=== Listed entries ===
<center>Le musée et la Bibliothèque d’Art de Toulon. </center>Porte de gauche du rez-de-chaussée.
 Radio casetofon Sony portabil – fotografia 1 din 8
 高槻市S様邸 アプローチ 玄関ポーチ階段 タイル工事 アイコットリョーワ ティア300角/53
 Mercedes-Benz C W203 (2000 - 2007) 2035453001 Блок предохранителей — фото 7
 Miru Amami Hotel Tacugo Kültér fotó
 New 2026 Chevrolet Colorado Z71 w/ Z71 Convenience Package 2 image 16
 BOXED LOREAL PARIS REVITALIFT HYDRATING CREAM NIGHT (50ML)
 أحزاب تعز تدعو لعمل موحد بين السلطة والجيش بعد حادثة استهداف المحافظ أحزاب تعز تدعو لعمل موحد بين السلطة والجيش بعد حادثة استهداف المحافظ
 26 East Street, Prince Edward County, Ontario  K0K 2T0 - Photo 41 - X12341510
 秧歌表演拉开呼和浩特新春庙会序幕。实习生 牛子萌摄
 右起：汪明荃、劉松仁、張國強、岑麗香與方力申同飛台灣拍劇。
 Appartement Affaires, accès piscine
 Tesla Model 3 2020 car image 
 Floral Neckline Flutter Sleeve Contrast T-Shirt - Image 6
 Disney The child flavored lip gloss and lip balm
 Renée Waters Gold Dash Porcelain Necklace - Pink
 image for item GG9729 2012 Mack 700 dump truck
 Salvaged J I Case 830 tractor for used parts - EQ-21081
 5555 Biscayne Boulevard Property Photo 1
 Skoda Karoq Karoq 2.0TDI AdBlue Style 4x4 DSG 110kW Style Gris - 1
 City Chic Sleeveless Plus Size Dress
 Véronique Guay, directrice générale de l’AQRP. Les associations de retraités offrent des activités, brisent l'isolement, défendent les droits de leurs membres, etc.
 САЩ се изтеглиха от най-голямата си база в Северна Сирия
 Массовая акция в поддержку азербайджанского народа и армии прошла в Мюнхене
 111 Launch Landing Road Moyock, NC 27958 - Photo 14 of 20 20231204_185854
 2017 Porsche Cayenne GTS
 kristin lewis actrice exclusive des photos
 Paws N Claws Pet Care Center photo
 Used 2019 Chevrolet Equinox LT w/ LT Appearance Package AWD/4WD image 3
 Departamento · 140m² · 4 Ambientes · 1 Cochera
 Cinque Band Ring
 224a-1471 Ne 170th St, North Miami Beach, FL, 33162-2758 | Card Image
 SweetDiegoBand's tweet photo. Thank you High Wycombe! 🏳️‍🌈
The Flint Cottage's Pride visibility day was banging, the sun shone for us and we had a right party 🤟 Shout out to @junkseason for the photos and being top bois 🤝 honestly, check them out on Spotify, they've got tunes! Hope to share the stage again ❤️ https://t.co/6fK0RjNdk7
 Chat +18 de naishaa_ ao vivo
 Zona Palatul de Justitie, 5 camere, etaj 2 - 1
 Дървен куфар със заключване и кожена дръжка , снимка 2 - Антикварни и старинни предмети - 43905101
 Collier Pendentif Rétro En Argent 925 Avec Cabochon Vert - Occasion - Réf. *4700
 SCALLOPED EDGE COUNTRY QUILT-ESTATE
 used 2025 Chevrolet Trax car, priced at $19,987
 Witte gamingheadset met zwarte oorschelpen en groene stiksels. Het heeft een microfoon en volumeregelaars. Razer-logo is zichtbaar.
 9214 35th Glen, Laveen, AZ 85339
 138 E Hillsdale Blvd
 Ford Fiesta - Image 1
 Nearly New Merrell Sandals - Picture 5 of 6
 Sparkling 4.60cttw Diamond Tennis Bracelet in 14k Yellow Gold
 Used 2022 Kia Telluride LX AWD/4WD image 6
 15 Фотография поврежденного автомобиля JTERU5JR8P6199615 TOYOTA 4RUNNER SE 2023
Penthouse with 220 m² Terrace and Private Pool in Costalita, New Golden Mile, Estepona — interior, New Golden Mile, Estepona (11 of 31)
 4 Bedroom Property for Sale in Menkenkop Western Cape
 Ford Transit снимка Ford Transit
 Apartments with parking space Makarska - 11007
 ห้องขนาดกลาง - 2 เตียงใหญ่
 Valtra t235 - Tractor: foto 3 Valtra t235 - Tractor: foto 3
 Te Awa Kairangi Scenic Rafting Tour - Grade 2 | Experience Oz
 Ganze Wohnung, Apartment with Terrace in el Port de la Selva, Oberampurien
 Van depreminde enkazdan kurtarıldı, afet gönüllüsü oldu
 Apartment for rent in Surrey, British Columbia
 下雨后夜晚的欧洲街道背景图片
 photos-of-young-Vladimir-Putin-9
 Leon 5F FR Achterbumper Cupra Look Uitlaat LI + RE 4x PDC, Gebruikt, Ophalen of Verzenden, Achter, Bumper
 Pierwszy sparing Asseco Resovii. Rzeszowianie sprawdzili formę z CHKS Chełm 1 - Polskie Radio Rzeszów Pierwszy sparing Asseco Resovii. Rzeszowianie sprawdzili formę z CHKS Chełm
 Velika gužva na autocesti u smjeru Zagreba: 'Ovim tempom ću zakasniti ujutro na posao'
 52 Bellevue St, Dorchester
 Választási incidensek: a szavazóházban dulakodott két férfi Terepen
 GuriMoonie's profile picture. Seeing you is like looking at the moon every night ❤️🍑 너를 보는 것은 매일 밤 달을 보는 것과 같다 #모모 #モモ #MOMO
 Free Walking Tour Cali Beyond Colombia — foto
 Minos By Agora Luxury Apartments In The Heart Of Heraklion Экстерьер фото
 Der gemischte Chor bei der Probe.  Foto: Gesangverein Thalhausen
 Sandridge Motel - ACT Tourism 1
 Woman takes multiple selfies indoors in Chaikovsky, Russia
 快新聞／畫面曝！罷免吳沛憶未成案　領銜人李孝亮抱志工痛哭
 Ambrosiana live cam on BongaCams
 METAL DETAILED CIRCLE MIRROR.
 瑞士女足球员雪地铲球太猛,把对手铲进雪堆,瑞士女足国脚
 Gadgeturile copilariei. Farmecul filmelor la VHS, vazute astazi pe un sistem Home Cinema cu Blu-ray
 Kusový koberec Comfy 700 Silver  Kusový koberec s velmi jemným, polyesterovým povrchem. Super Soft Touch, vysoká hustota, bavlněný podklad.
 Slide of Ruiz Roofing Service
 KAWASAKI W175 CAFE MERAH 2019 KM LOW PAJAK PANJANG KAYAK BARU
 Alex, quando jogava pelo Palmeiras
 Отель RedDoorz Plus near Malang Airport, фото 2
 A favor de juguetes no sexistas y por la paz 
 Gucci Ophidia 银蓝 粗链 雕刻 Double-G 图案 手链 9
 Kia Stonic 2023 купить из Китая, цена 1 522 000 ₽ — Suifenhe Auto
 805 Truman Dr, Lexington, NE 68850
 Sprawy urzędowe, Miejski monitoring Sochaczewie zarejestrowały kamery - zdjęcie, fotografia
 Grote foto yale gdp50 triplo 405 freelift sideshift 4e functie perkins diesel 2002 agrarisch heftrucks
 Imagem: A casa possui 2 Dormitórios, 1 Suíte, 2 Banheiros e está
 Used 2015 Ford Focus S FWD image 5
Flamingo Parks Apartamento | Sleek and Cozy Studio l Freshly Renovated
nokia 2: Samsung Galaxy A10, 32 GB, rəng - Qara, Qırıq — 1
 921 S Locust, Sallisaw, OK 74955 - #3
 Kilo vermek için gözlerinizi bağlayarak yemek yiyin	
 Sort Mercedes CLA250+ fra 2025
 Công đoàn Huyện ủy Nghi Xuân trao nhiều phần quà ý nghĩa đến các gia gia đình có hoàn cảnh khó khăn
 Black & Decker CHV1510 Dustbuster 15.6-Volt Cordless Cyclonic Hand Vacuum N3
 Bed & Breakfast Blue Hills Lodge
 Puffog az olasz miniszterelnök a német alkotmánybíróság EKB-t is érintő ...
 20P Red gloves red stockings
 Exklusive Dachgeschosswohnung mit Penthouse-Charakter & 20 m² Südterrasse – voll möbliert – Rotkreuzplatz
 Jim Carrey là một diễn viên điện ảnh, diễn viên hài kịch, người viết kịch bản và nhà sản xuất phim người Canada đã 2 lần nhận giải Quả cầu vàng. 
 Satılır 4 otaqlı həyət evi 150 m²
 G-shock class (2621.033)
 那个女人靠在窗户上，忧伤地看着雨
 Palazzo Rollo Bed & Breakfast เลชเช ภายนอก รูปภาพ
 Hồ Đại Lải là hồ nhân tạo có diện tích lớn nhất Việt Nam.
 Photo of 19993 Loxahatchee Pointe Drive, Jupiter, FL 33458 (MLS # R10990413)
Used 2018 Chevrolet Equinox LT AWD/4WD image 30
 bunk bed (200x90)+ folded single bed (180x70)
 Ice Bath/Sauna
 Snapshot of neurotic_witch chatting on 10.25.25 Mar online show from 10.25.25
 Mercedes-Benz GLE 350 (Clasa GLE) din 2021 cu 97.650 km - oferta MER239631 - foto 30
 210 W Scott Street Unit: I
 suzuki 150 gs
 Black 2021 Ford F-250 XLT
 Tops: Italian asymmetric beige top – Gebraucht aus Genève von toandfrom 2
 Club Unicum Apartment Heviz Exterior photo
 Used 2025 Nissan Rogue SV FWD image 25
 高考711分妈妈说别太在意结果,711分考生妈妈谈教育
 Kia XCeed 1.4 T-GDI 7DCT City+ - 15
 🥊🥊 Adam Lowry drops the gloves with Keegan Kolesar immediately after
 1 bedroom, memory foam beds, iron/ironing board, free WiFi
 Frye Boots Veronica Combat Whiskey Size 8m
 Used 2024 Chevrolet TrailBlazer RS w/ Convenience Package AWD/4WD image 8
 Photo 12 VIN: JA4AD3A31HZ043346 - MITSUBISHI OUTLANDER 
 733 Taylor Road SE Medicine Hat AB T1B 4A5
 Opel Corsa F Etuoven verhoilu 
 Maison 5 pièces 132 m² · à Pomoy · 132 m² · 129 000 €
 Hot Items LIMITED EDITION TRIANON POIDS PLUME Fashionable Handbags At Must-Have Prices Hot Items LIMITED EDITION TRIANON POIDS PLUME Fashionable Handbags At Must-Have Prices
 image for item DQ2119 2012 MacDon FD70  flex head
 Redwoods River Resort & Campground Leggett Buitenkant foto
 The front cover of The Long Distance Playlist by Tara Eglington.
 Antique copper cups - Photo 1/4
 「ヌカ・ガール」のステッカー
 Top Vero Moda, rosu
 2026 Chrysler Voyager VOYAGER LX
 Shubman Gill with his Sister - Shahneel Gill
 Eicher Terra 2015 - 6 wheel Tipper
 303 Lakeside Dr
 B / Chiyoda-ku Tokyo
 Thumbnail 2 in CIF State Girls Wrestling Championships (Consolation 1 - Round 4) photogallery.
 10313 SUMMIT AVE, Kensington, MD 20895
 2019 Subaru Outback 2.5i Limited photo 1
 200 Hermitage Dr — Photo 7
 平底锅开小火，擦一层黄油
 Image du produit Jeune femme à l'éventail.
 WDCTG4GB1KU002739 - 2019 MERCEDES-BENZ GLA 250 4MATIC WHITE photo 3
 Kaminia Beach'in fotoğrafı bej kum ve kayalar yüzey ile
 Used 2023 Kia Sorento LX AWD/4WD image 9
===
# Problem description
Your task is to restate, word for word, the lines from the beginning of the records to the line with "BOXED LOREAL PARIS", inclusive.

# Solution
<center>Le musée et la Bibliothèque d’Art de Toulon. </center>Porte de gauche du rez-de-chaussée.
 Radio casetofon Sony portabil – fotografia 1 din 8
 高槻市S様邸 アプローチ 玄関ポーチ階段 タイル工事 アイコットリョーワ ティア300角/53
 Mercedes-Benz C W203 (2000 - 2007) 2035453001 Блок предохранителей — фото 7
 Miru Amami Hotel Tacugo Kültér fotó
 New 2026 Chevrolet Colorado Z71 w/ Z71 Convenience Package 2 image 16
 BOXED LOREAL PARIS REVITALIFT HYDRATING CREAM NIGHT (50ML)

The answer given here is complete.